===== RECORDS FOR THE EXERCISE =====

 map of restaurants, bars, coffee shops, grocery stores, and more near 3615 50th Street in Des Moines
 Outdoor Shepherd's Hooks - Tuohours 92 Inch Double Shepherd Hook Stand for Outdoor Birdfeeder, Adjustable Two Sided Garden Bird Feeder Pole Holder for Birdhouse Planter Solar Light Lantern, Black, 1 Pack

=====
===== RECORDS FOR THE EXERCISE =====

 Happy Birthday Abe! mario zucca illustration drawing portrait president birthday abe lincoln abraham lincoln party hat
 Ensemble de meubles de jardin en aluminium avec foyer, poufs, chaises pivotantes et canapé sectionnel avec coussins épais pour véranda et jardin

=====
===== RECORDS FOR THE EXERCISE =====

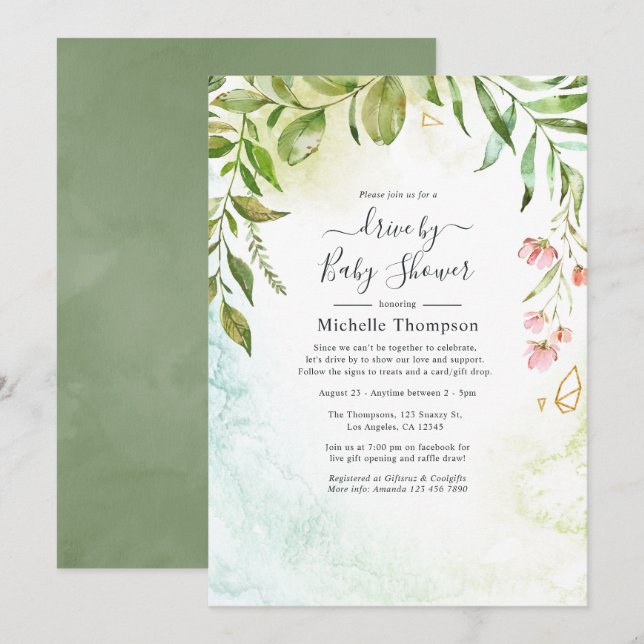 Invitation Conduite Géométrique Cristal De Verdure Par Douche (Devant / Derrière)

=====

> _EXERCISE OBJECTIVE_
Your task is to transcribe, with no changes, only the lines of the listing above that lie between the line holding "map of restaurants, bars, coffee" and the line holding "Outdoor Shepherd's Hooks", inclusive.

> _SOLUTION TO THIS EXERCISE_
 map of restaurants, bars, coffee shops, grocery stores, and more near 3615 50th Street in Des Moines
 Outdoor Shepherd's Hooks - Tuohours 92 Inch Double Shepherd Hook Stand for Outdoor Birdfeeder, Adjustable Two Sided Garden Bird Feeder Pole Holder for Birdhouse Planter Solar Light Lantern, Black, 1 Pack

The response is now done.